El saneamiento estructural de la banca se ha solapado con un cambio radical en su modelo de negocio, propiciado no solo por la irrupción de los nuevos operadores, sino por el cambio de hábitos de una clientela acostumbrada ya a operar a través de dispositivos digitales, y que nunca ha considerado como posibilidad acercarse a una oficina para realizar gestiones que tienen al alcance de un clic en sus pantallas.

De hecho, el dinero electrónico supera ya al papel moneda, tanto en nuestro país (el uso de billetes y monedas se ha reducido un 44% desde 2009) como en Europa, donde el uso de dinero en efectivo comienza a ser residual, como ocurre en Dinamarca o Suecia.
Todo ello está obligando al sector financiero a acometer un cambio en el modelo de distribución comercial, que se abre incluso a nuevos negocios complementarios y sinérgicos, y que precisa de profundos cambios estructurales: menor número de oficinas, pero con diferente configuración funcional, y menor número de empleados, pero con mayor cualificación y competencia.

¿Y qué ha pasado con las fintech? Muchas de aquellas propuestas que nacieron al comienzo de la crisis, en el entorno o a partir de los años 2008 y 2009, se encuentran ya plenamente consolidadas, e incluso muchos bancos, a la vista de la magnitud del cambio, han creado sus propias fintech o han desarrollado departamentos de prospección en el campo de la innovación tecnológica. Asimismo, hemos ­empezado a ver colaboraciones específicas entre los dos mundos para ofrecer servicios de valor añadido de forma más eficiente y bajo las propias marcas bancarias; a fin de cuentas, uno de sus principales activos.

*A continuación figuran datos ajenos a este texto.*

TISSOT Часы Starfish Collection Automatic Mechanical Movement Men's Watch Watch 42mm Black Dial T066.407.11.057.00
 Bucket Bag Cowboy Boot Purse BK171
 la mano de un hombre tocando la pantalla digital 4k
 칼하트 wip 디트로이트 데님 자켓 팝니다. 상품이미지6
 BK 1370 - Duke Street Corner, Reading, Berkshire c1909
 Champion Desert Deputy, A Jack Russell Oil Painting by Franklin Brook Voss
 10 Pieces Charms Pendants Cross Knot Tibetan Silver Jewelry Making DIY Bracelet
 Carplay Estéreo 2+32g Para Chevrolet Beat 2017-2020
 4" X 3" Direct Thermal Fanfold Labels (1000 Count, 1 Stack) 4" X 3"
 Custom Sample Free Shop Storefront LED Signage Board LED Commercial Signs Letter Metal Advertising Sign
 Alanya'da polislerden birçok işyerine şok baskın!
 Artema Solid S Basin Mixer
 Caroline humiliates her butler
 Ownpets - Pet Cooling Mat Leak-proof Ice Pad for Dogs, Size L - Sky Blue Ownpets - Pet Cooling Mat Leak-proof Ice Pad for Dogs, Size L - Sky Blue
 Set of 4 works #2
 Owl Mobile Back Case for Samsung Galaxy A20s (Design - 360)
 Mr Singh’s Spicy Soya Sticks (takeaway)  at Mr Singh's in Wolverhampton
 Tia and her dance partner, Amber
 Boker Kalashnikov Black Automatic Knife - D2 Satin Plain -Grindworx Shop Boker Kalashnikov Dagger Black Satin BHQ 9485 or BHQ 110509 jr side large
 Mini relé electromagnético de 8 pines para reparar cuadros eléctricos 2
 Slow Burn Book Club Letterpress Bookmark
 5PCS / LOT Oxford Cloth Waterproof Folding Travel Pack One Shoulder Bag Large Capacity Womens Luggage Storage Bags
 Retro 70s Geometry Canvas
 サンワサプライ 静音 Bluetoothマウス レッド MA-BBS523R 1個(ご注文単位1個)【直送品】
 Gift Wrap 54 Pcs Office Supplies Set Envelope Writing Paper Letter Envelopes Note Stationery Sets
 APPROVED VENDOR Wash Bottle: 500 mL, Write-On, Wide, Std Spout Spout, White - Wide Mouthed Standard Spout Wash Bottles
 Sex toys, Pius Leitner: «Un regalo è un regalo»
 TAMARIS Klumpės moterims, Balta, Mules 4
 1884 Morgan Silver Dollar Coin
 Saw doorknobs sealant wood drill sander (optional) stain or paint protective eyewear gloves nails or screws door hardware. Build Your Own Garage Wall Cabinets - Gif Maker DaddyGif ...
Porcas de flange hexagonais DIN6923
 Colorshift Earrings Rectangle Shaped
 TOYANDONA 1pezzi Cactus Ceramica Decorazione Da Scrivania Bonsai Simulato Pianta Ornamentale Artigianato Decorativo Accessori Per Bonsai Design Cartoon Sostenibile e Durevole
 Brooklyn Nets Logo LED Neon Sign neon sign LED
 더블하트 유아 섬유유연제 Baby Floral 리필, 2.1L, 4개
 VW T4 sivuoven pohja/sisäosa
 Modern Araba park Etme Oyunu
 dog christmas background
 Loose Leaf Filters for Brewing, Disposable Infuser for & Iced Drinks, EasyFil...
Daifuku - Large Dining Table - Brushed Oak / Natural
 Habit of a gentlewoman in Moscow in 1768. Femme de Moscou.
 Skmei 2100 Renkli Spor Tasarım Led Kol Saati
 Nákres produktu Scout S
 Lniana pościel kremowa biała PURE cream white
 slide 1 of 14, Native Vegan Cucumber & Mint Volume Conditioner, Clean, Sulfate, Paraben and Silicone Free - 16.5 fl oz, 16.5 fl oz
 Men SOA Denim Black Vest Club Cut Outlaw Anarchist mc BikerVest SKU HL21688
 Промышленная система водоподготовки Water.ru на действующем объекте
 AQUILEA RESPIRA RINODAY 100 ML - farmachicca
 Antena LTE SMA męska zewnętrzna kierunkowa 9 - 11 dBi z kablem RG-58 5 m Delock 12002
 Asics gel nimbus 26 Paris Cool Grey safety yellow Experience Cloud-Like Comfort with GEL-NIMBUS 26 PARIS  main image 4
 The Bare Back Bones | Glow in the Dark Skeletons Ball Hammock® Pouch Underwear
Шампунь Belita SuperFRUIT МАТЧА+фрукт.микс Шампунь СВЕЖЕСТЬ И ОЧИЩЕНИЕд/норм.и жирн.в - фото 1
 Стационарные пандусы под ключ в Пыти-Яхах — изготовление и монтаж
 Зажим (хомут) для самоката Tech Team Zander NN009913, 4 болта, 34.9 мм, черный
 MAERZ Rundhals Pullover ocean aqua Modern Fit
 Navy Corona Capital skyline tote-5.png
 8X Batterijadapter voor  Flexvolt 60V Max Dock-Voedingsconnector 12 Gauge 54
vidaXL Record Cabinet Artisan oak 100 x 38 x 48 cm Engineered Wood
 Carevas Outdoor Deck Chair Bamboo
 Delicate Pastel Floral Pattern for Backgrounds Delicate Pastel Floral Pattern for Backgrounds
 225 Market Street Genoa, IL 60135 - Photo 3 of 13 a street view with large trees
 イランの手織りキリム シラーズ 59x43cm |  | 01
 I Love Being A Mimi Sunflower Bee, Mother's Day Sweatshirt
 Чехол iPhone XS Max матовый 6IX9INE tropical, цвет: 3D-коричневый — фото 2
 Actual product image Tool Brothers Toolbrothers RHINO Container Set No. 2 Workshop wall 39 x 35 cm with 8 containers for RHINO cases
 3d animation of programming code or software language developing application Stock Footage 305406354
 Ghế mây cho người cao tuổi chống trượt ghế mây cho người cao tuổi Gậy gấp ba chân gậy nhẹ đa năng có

En consecuencia, la foto actual es la de un sector en transformación, que ha asumido la necesidad del cambio y que se adapta con dificultades, pero con resolución, hacia el nuevo paradigma digital, donde las claves serán: marca, dispositivos inteligentes y móviles y simplificación de los procesos para que el cliente recobre el poder absoluto sobre el cómo y el cuándo. Y también, como es lógico, sobre el cuánto. Unas prestaciones que hasta hace muy poco parecían impensables en el modelo tradicional.